Clawback Madoff
Revirement inexpliqué du Tribunal fédéral
Luc Thévenoz
Dans son arrêt 4A_81/2016 du 3 octobre 2016, le Tribunal fédéral a jugé que le gage d’une banque vaudoise ne garantit pas les éventuelles prétentions qu’elle pourrait avoir contre son client en rapport avec l’action révocatoire dont elle est menacée (mais pas encore actionnée) par le liquidateur de Bernard L. Madoff Investment Securities LLC (BLIMS).
Le contrat de gage (reproduit dans l’arrêt du Tribunal cantonal vaudois) comprenait un libellé large, mais admissible au regard de la jurisprudence. Il visait « toutes les dettes et obligations, présentes ou futures découlant de leurs relations d’affaires que la Banque a ou pourrait avoir à l’avenir avec » le client.
Le Tribunal fédéral ne remet pas en cause la validité du gage. Il ne considère pas que la clause est trop étroite ou appelle une interprétation restrictive. Il ne se prononce pas sur la qualification des prétentions (art. 402 CO ?) de la banque contre son client. Il admet également que deux des trois prétentions invoquées par la banque sont connexes à la relation d’affaires garantie par le gage. Mais il juge que « les parties n’ont pas pu prévoir ni raisonnablement dû prévoir que de telles créances futures éventuelles étaient garanties par le droit de gage. » Il casse donc la décision vaudoise parce qu’elle « méconnaît que la créance future éventuelle à garantir doit être prévisible au moment de la conclusion du contrat et que l’action révocatoire d’un tiers ou autre action à la suite d’une fraude n’entre pas dans cette catégorie. »
La Haute Cour n’explique pas comment ce nouvel arrêt est compatible avec son arrêt 4A_540/2015 du 1er avril 2016, commenté sur ce site, qu’elle ne cite même pas.

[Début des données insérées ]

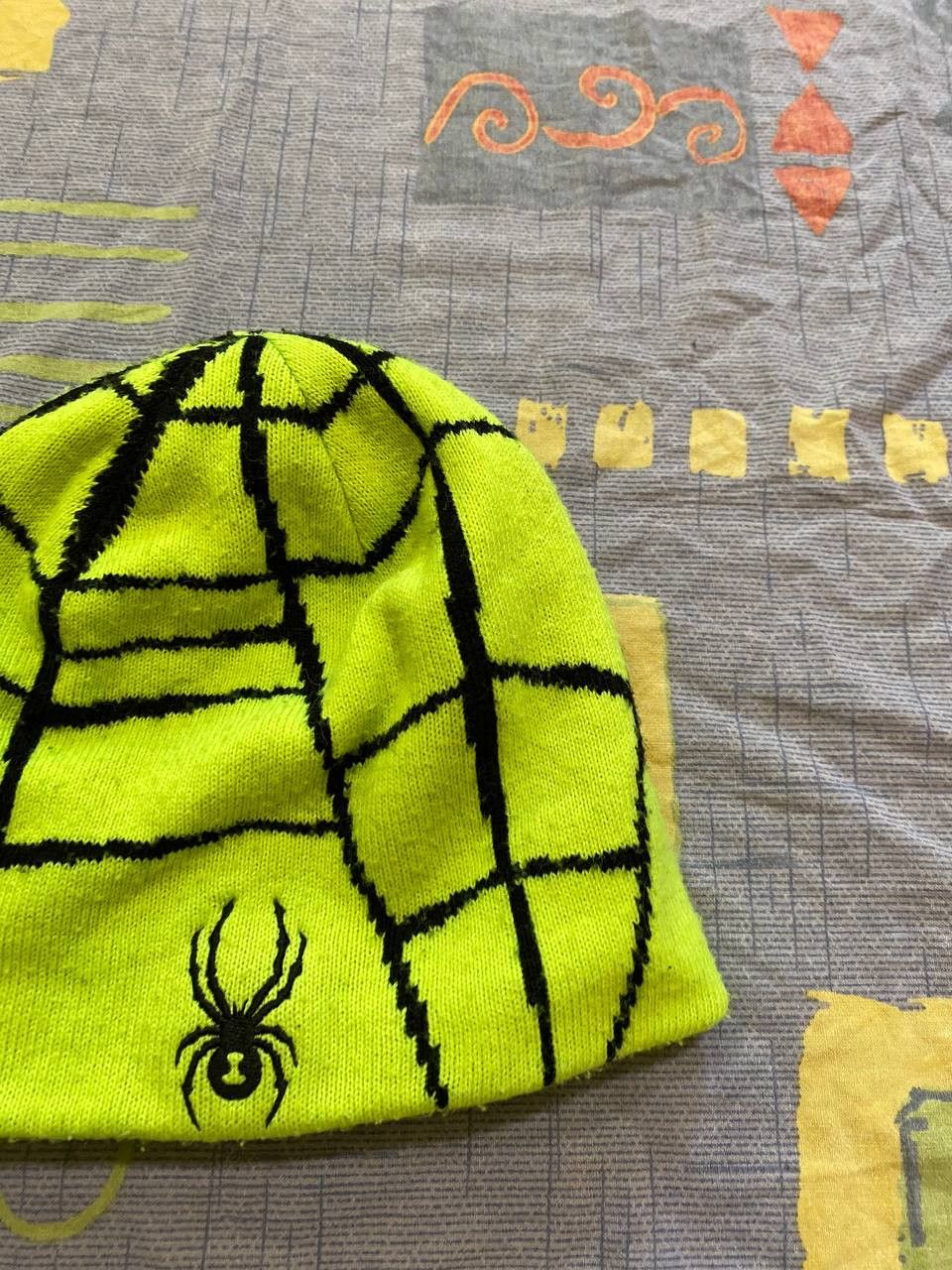 Spyder Vintage Y2k Spyder Spiderweb Spider Hats Size ONE SIZE - 5 Thumbnail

Dans cette affaire genevoise où une autre banque était exposée aux prétentions du liquidateur d’un fonds nourricier de BLMIS, la Cour de justice avait débouté la banque en considérant qu’elle ne pouvait pas invoquer son gage pour garantir des prétentions qu’elle considérait comme imprévisibles. Or, le 1er avril 2016, le Tribunal fédéral cassait cette décision en considérant que « la créance dont se prévaut la banque est étroitement liée à une opération d’investissement s’inscrivant dans des relations d’affaires prévisibles. Contrairement à l’analyse de l’autorité précédente il faut admettre qu’une telle créance est couverte par le droit de gage. »
Les banques sont-elles couvertes en avril, mais pas en octobre ? Le premier arrêt, rendu par trois juges de la Ière Cour de droit civil, était convaincant. Il est difficile de comprendre comment il peut être entièrement contredit, cinq mois plus tard, par un arrêt de la même Cour, rendu à cinq magistrats (dont les trois de la première formation), destiné à la publication, qui ne cite même pas le précédent et fournit encore moins d’explication à l’appui de ce revirement.